Tja, den Artikel hier im Spiegel lasse ich mal so stehen wie er ist. Ich möchte nur noch darauf hinweisen, dass zur Rewe-Group u.a. auch Penny-Markt (Discounter, oder?) sowie toom Baumarkt oder ProMarkt gehören. OK, Herr Caparros ärgert sich maßgeblich über den Preisverfall im Lebensmittelhandel und nicht unbedingt in Baumärkten.

Aber ein wenig eigennützig ist das ganze schon, und auch irgendwie selbstironisch, oder? Ich meine, erst werden hohe Summen in die Kleinen Preise gepumpt, dann hohe Summen in Corporate Responsibility, dann hohe Summen (ach ja, das Geld wird alles von den Gewinnen die die Kunden erzeugen geholt) in PR und Marketing zu Nachhaltigkeit geschossen – und plötzlich hilft wohl alles nicht mehr und man erkennt, dass blahblah halt doch nicht alle Konsumenten überzeugt und die Branche sich selbst einen Krebsvirus gesetzt hat.

Und nun wird umgestrickt, zurück gerudert, neu erfunden, umprogrammiert.

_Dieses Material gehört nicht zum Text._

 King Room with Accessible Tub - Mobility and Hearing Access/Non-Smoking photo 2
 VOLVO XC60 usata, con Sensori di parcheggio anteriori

Zitat Hr. Caparros: „Das soll sich jetzt ändern: Caparros will nun statt mit Marketing oder „irgendwelchen Gimmicks“ mit Projekten überzeugen: Mithilfe von ausgewählten Vertragslandwirten sei die Pestizidbelastung um über 20 Prozent gesunken, Strom beziehe Rewe seit 2008 zu 100 Prozent aus erneuerbaren Energien. Bis 2015 soll der CO-2-Ausstoß des Konzerns um 30 Prozent sinken – deutlich stärker als bei den Konkurrenten Metro und Edeka.“

Ich frage mich: was kommt denn davon bitte bei den Konsumenten an? Werden die Preise deshalb angehoben und gleichzeitig aber Produkte mit höherer Qualtität angeboten? Ich will nicht einen Klimaschutzaufschlag zahlen, damit künftig noch mehr geflogen wird als bisher weil man sich ja jetzt per Klick sein Gewissen schon bei der Flugbuchung reinwaschen kann.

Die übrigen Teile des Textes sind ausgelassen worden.